We seem to have a legitimate bug in the current (top-% based) CMS implementation that miscomputes heavy hitters under certain conditions. There's a fix for that, see below.
We seem to have a general limitation to correctly compute heavy hitters for any top-N based CMS.

Background

As part of my refactoring work in GH-345 I decoupled the counting/querying functionality of CMS from the heavy hitters functionality (as per @jnievelt's suggestion), and once I reached that point I could easily provide both top-% and top-N CMS variants (here, having a top-N CMS variant brings us one step closer to eventually retire SketchMap). And while testing the top-N variant I first discovered the heavy hitters issue I describe here.

Problem statement

In the discussion below I assume the two CMS instances we want to merge are called left and right, respectively.

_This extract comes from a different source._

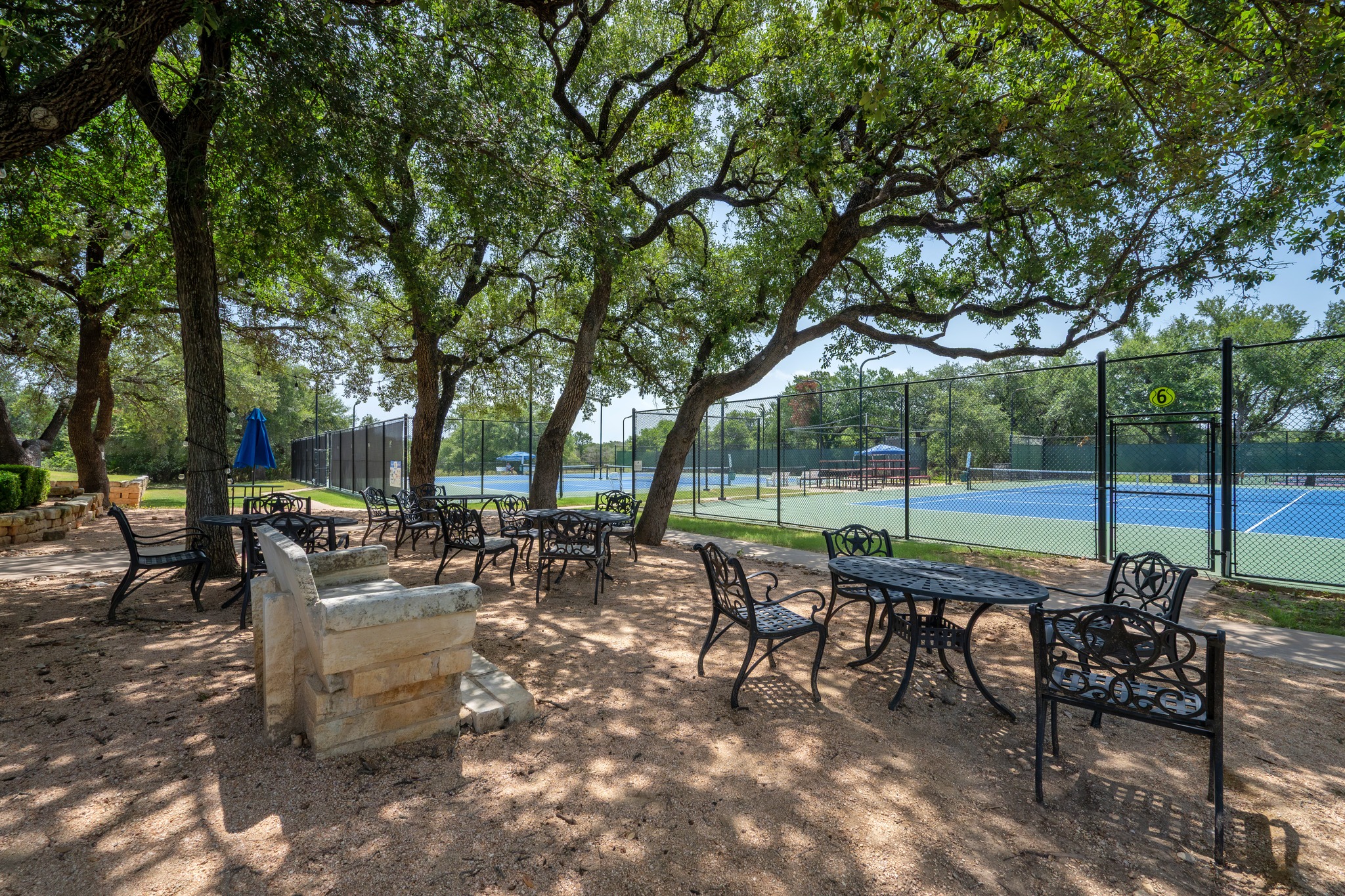 30115 Sawgrass Trail Georgetown, TX 78628 - Photo 35 of 37 Shady outdoor seating alongside multiple tennis courts offers a perfect spot for relaxation.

The computation to combine two sets of heavy hitters is not correct right now when you use CMSInstance#++(other: CMS): CMS for combing two CMS instances. The problem itself is two-fold, though both aspects are related and can be fixed in one swing.

First, currently the way to combine the "left" and "right" heavy hitters is a simple call to ++ of the HeavyHitters case class (same ++ name, but different class; see code) -- or, alternatively speaking, that we don't post-process the combined heavy hitters to merge entries for the same item.

Here, heavy hitters elements for the same item are not summed/merged. The effect is that items that are elements of the intersection of left's and right's heavy hitters are not represented correctly.

Example REPL output:

    scala> import com.twitter.algebird._
    scala> import scala.collection.SortedSet
    scala> val s1 = SortedSet[HeavyHitter]()(HeavyHitter.ordering) + HeavyHitter(10L, 1) + HeavyHitter(20L, 2)
    s1: scala.collection.immutable.SortedSet[com.twitter.algebird.HeavyHitter] = TreeSet(HeavyHitter(10,1), HeavyHitter(20,2))

    scala> val s2 = SortedSet[HeavyHitter]()(HeavyHitter.ordering) + HeavyHitter(20L, 1)
    s2: scala.collection.immutable.SortedSet[com.twitter.algebird.HeavyHitter] = TreeSet(HeavyHitter(20,1))

    scala> val combinedHhs = s1 ++ s2
    combinedHhs: scala.collection.immutable.SortedSet[com.twitter.algebird.HeavyHitter] = TreeSet(HeavyHitter(10,1), HeavyHitter(20,1), HeavyHitter(20,2))

As you can see in this example the item 20L is actually represented twice in the combined heavy hitters combinedHhs -- HeavyHitter(20L, 1) and HeavyHitter(20L, 2) -- though it should be represented only once as a single HeavyHitter(20L, 3).

I think in summary the first problem means a) items that are in the left+right HH intersection will have lower effective counts than they should (max(individual counts) instead of sum(individual counts)), which means they are less likely to stay in the post-merge set of heavy hitters -- which is the opposite behavior of what one would intuitively expect for such intersection items -- and b) the cardinality of heavy hitters is >= the cardinality of the items in the heavy hitters -- because we have duplicate HH entries for some items -- which means the memory footprint is larger than it needs to be (at least until one or more subsequent "purging/dropping" operations are run on the heavy hitters), though this additional memory footprint may be of little concern in practice at the moment. In case we would have a truly parameterized CMS[K, V] at some point in the future, e.g. with V=HyperLogLog like Avi suggested, the additional memory footprint might become an issue.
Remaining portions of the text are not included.